EXERCISE OBJECTIVE: The data is to be reproduced in full and without error.

INPUT FOR THIS TASK:
▬▬▬

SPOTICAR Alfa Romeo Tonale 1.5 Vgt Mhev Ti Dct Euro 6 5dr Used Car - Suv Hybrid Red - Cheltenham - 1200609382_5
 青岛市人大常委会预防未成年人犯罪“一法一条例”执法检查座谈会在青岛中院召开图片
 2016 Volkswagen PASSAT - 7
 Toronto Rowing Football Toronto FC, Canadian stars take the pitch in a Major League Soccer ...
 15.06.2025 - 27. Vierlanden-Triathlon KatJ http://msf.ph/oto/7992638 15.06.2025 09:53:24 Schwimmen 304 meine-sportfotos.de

▬▬▬

FINAL ANSWER:
SPOTICAR Alfa Romeo Tonale 1.5 Vgt Mhev Ti Dct Euro 6 5dr Used Car - Suv Hybrid Red - Cheltenham - 1200609382_5
 青岛市人大常委会预防未成年人犯罪“一法一条例”执法检查座谈会在青岛中院召开图片
 2016 Volkswagen PASSAT - 7
 Toronto Rowing Football Toronto FC, Canadian stars take the pitch in a Major League Soccer ...
 15.06.2025 - 27. Vierlanden-Triathlon KatJ http://msf.ph/oto/7992638 15.06.2025 09:53:24 Schwimmen 304 meine-sportfotos.de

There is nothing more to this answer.